Want to share your content on R-bloggers? click here if you have a blog, or here if you don't.

Cochran Theorem – from The distribution of quadratic forms in a normal system, with applications to the analysis of covariance published in 1934 – is probably the most import one in a regression course. It is an application of a nice result on quadratic forms of Gaussian vectors. More precisely, we can prove that if $$\boldsymbol{Y}\sim\mathcal{N}(\boldsymbol{0},\mathbb{I}_d)$$ is a random vector with $$d$$ $$\mathcal{N}(0,1)$$ variable then (i) if $$A$$ is a (squared) idempotent matrix $$\boldsymbol{Y}^\top A\boldsymbol{Y}\sim\chi^2_r$$ where $$r$$ is the rank of matrix $$A$$, and (ii) conversely, if $$\boldsymbol{Y}^\top A\boldsymbol{Y}\sim\chi^2_r$$ then $$A$$ is an idempotent matrix of rank $$r$$. And just in case, $$A$$ is an idempotent matrix means that $$A^2=A$$, and a lot of results can be derived (for instance on the eigenvalues). The prof of that result (at least the (i) part) is nice: we diagonlize matrix $$A$$, so that $$A=P\Delta P^\top$$, with $$P$$ orthonormal. Since $$A$$ is an idempotent matrix observe that$$A^2=P\Delta P^\top=P\Delta P^\top=P\Delta^2 P^\top$$where $$\Delta$$ is some diagonal matrix such that $$\Delta^2=\Delta$$, so terms on the diagonal of $$\Delta$$ are either $$0$$ or $$1$$‘s. And because the rank of $$A$$ (and $$\Delta$$) is $$r$$ then there should be $$r$$ $$1$$‘s and $$d-r$$ $$1$$‘s.

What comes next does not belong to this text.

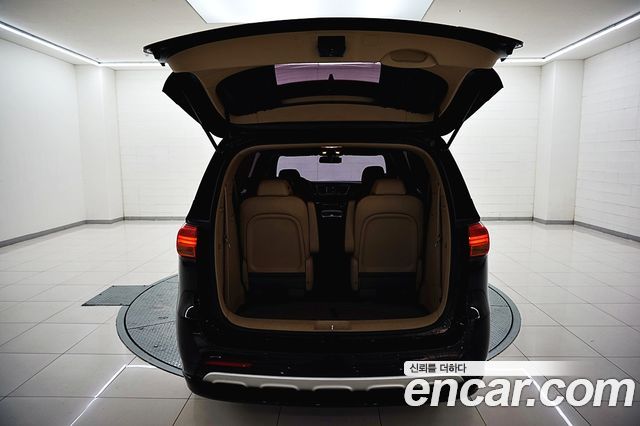 Kia Carnival 9-seater Hi-Limousine Luxury 2018 — фото 23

Now write$$\boldsymbol{Y}^\top A\boldsymbol{Y}=\boldsymbol{Y}^\top P\Delta P^\top\boldsymbol{Y}=\boldsymbol{Z}^\top \Delta\boldsymbol{Z}$$where $$\boldsymbol{Z}=P^\top\boldsymbol{Y}$$ that satisfies$$\boldsymbol{Z}\sim\mathcal{N}(\boldsymbol{0},PP^\top)$$ i.e. $$\boldsymbol{Z}\sim\mathcal{N}(\boldsymbol{0},\mathbb{I}_d)$$. Thus $$\boldsymbol{Z}^\top \Delta\boldsymbol{Z}=\sum_{i:\Delta_{i,i}-1}Z_i^2\sim\chi^2_r$$Nice, isn’t it. And there is more (that will be strongly connected actually to Cochran theorem). Let $$A=A_1+\dots+A_k$$, then the two following statements are equivalent (i) $$A$$ is idempotent and $$\text{rank}(A)=\text{rank}(A_1)+\dots+\text{rank}(A_k)$$ (ii) $$A_i$$‘s are idempotents, $$A_iA_j=0$$ for all $$i\neq j$$.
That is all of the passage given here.